→ Given material

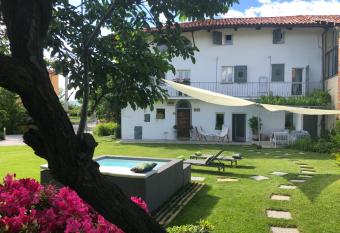 Casa La Preziosa has Balcony rooms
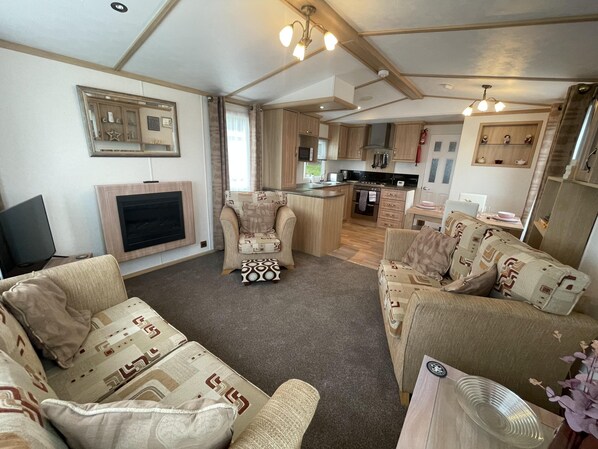 Een televisie en een open haard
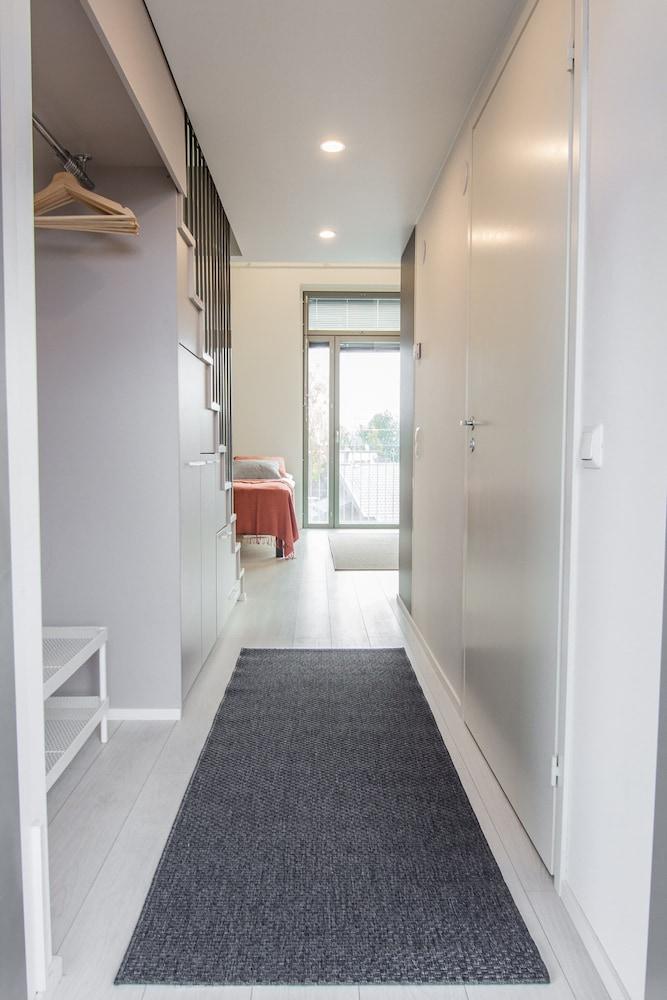 Spot Apartments Airport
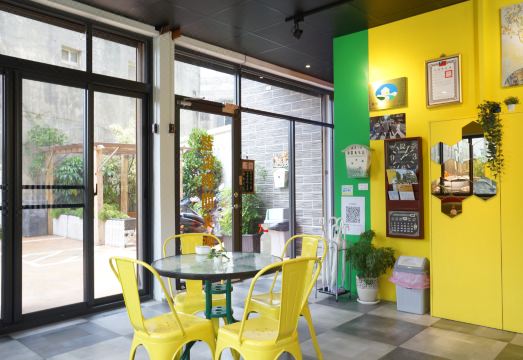 Lukang Holiday Hostel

→ Work to complete
From the first line to the last, repeat the material exactly, but drop the pictures.

→ Exercise solution
 Casa La Preziosa has Balcony rooms
 Een televisie en een open haard
 Spot Apartments Airport
 Lukang Holiday Hostel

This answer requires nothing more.